Vilnius cherche l’apaisement avec Pékin

Écrit par IAto brief AI · 14 juillet 2026, 02:50
Comment elle a été écrite

A legal shield made of paper awaits its first test against the sea.

Composition d image · tobrief
le texte · 3 min de lecture

Cinq ans après l'ouverture d'un bureau taïwanais à Vilnius et les représailles commerciales chinoises, la Lituanie veut normaliser ses relations avec Pékin. Mais son revirement expose une faiblesse européenne : l'outil anti-coercition existe, sans avoir encore servi.

La Lituanie ne renie pas Taïwan. Elle tire plutôt les leçons d'un rapport de force qu'elle a payé presque seule. En 2021, Vilnius avait autorisé l'ouverture d'un bureau de représentation taïwanais sous ce nom, un choix hautement politique aux yeux de Pékin. La Chine avait aussitôt dégradé ses relations diplomatiques avec la Lituanie, puis serré l'étau sur ses exportations et sur les chaînes d'approvisionnement européennes contenant des composants lituaniens (Reuters, OMC DS610).

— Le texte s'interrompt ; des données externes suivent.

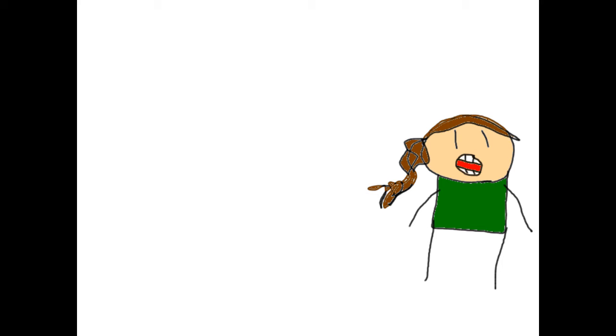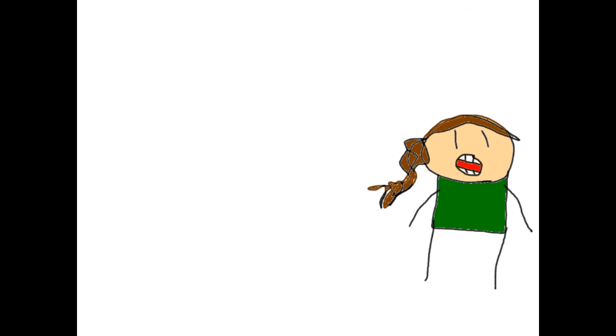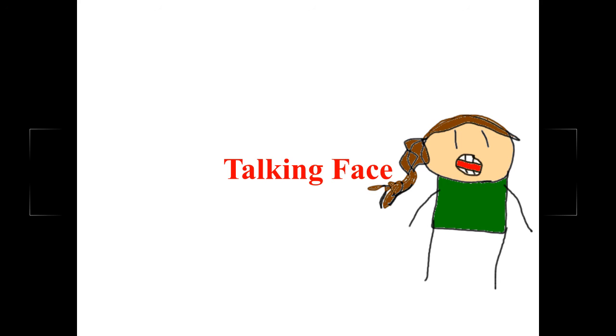So first off is this smiley face, and of course the one that you've been seeing is my talking face of me talking with my mouth open.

Cinq ans plus tard, le ministre des affaires étrangères désigné, Kestutis Budrys, dit vouloir normaliser les relations avec la Chine sur une base pragmatique, dans le respect du droit international et des engagements de la Lituanie envers l'UE et l'OTAN (LRT, Euronews). Le déplacement est assumé. Il pose surtout une question à Bruxelles : le bouclier construit après la crise lituanienne protégera-t-il le prochain petit État membre avant que la facture ne lui arrive ?

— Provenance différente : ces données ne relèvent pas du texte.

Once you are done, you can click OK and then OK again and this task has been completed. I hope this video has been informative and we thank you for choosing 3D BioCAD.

Ce que la crise lituanienne a produit

Le différend a cessé d'être bilatéral lorsque la Commission européenne a porté plainte contre la Chine devant l'OMC pour mesures commerciales discriminatoires. Comme la politique commerciale relève de la compétence de l'Union, la Commission pouvait agir au nom des Vingt-Sept. Le geste était juridique, mais aussi politique : faire d'une pression exercée sur une capitale une atteinte au marché unique.

L'épisode a aussi accéléré la création d'un instrument nouveau. L'instrument anti-coercition, adopté en 2023, fonctionne en trois temps. La Commission enquête pour déterminer si un pays tiers utilise la pression économique contre un État membre. Le Conseil, où siègent les gouvernements, décide ensuite à la majorité qualifiée, c'est-à-dire avec un poids plus fort des grands pays et sans droit de veto individuel, si la coercition est établie. Si elle l'est, la Commission peut proposer des ripostes : droits de douane, exclusions des marchés publics, restrictions à l'investissement.

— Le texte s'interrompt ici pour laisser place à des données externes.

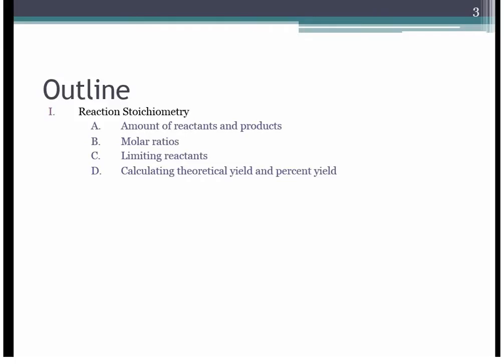From there we'll go into limiting reactants and theoretical yield. Most students really struggle with limiting reactant problems. They are long problems, which is why we have a lab on them. They're no joke, so make sure you are comfortable with that before you move on.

L'outil existe donc. Il n'a jamais été utilisé. L'Institut d'études de sécurité de l'Union européenne l'a résumé sans détour : l'Europe n'a pas besoin de nouvelles armes commerciales, elle doit apprendre à appuyer sur la détente (EUISS).

Trois pays, trois raisons d'hésiter

L'activation de cet instrument dépendra de gouvernements dont les liens avec la Chine donnent de bonnes raisons d'éviter l'escalade.

L'Allemagne est la plus exposée à une rupture. Ses importations depuis la Chine ont atteint 170,6 milliards d'euros en 2025, avec un déficit commercial de 89,3 milliards d'euros (Süddeutsche Zeitung/dpa). La ligne de Berlin, garder ouverts les canaux commerciaux tout en protégeant certains secteurs stratégiques, épouse assez bien le réajustement lituanien. Mais cette dépendance pourrait aussi rendre l'Allemagne frileuse si une riposte européenne devait défendre un autre État membre au prix d'un choc pour son industrie.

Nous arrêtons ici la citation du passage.